What Mario Kart fan hasn’t secretly dreamed of playing a real-life version of the Mario Bros-themed racing game? But while most people would be content with renting regular go-karts and using their imaginations really, really hard, two Texas engineers, Hunter Smith and Ben James, decided to make the dream a reality by creating an ingenious live-action version of the Mario Bros-themed racing game.
Where things really get amazing, however, are the RFID-embedded power-up item boxes suspended over the track by pieces of rope, which allow the player to collect items like bananas and turtle shells modeled on the original Mario Kart game – and actually affect their performance in the race. The mushroom item, for example, wirelessly activates tiny Servo motors that enable go-karts to speed up by accessing 100 percent of their throttle power.

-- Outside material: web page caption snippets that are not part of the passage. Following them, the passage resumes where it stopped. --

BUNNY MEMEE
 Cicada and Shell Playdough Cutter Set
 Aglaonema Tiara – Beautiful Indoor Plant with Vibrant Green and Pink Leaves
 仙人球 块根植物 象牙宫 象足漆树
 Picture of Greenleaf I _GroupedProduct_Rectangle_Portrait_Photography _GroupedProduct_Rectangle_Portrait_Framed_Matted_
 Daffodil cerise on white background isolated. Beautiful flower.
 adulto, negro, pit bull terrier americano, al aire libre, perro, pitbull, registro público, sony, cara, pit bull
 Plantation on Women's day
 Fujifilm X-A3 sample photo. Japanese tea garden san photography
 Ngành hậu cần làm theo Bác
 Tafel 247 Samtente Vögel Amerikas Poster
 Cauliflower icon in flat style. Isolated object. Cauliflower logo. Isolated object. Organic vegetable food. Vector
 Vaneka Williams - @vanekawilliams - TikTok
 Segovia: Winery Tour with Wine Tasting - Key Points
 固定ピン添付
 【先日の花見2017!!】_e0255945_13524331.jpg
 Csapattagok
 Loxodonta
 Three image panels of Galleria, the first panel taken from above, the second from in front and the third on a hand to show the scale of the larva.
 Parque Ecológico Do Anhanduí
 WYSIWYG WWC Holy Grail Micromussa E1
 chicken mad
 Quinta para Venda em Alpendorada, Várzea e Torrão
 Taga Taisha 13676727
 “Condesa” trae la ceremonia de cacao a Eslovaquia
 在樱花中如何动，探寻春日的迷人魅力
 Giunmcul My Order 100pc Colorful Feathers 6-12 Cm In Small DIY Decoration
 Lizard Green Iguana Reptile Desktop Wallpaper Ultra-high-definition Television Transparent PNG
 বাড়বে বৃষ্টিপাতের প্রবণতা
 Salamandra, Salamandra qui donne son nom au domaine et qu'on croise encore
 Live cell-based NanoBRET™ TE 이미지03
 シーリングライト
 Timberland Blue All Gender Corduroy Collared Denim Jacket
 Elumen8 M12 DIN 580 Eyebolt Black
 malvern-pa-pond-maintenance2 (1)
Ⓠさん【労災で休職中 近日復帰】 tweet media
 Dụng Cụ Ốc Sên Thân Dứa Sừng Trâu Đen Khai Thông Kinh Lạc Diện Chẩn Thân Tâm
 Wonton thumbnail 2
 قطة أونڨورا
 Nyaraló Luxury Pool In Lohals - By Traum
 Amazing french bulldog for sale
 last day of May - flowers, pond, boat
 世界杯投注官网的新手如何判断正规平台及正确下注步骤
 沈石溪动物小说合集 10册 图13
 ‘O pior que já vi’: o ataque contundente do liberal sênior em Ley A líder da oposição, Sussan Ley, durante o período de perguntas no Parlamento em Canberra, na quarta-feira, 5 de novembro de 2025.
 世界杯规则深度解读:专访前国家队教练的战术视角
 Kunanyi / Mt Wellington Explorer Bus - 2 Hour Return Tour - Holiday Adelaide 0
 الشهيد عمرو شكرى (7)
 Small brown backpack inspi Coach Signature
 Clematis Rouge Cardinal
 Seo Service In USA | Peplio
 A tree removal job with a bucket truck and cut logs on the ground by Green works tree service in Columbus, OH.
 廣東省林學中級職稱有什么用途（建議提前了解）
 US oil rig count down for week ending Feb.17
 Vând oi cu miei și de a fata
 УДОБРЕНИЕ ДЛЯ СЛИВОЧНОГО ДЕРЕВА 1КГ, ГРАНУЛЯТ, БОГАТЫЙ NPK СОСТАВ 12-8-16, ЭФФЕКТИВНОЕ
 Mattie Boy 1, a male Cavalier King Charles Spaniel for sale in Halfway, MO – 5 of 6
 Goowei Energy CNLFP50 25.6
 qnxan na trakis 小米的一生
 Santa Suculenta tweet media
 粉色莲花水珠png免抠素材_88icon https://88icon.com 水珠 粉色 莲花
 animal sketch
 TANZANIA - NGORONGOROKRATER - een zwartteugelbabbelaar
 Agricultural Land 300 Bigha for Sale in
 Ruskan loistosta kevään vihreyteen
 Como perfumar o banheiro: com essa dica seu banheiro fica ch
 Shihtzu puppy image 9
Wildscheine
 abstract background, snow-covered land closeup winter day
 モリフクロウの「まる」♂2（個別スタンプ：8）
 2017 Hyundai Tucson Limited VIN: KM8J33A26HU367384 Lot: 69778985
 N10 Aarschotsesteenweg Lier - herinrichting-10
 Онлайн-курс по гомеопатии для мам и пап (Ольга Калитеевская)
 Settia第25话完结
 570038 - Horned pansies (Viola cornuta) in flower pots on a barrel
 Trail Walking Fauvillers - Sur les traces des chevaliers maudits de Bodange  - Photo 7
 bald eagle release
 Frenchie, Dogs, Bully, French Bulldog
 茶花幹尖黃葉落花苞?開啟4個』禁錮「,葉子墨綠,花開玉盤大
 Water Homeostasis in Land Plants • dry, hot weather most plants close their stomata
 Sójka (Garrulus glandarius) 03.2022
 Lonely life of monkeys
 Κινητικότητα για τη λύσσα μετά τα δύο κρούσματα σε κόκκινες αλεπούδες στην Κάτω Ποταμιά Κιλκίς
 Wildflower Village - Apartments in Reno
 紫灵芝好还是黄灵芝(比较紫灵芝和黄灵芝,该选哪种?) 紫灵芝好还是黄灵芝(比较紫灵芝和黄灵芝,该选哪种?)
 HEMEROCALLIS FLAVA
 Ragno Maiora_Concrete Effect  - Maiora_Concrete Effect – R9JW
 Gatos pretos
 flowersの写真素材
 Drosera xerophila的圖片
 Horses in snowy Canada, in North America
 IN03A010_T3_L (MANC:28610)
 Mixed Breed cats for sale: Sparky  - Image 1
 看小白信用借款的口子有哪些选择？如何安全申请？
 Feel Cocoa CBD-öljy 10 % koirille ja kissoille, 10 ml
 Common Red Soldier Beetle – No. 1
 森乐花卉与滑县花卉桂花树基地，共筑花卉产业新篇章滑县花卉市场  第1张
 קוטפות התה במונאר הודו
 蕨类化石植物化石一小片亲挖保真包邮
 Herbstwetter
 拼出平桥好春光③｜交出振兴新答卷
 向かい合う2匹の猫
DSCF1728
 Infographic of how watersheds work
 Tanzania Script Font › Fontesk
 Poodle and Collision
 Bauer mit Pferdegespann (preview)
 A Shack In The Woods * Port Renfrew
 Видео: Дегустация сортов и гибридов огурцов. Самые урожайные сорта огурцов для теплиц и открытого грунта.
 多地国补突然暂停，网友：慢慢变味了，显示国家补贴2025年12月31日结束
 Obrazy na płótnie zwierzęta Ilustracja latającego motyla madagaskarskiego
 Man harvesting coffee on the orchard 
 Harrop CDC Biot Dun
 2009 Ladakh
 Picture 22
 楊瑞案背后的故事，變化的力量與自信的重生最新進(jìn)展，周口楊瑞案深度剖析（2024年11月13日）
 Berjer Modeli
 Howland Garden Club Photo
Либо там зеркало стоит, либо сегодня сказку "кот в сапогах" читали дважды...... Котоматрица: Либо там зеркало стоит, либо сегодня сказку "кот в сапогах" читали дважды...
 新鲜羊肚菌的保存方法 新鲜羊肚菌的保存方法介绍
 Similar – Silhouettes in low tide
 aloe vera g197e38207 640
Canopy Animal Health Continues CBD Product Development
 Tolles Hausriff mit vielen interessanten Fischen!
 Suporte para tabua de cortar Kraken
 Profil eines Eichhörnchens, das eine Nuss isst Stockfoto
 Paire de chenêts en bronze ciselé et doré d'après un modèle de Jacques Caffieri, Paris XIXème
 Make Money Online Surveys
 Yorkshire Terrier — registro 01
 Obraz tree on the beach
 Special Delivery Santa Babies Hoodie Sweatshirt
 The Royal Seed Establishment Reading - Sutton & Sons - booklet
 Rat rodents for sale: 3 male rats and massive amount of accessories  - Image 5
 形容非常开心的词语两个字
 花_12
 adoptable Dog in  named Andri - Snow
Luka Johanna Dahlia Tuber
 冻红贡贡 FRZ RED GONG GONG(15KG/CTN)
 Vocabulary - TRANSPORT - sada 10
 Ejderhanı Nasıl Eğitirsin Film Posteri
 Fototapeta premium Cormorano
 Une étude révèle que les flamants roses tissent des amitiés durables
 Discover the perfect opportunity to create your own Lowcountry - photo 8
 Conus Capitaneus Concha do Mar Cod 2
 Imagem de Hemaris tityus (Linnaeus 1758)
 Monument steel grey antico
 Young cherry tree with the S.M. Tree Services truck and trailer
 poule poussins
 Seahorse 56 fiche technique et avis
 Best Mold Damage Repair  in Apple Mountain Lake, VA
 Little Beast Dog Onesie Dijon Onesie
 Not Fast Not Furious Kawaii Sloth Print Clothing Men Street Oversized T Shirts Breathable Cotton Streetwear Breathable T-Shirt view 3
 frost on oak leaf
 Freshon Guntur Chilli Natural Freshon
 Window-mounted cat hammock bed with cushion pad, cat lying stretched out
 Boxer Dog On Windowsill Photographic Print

“Ben and I grew up playing Mario Kart on Super Nintendo and Nintendo 64 so we’re both big fans,” Smith, the co-founder of Austin Texas-based Waterloo Labs, told Wired. We got the idea for the real-life Mario because we work with First Robotics Competition and they use same controller, software and motors. We got a few extra kits so we asked ourselves ‘What can we do with these competition kits that would be fun?”
The system details and source code for the project are available on the Waterloo Labs website, which volunteers that while there is no permanent set-up for Real-Life Mario Kart for enthusiasts to visit, “we would be happy to help you build your own!”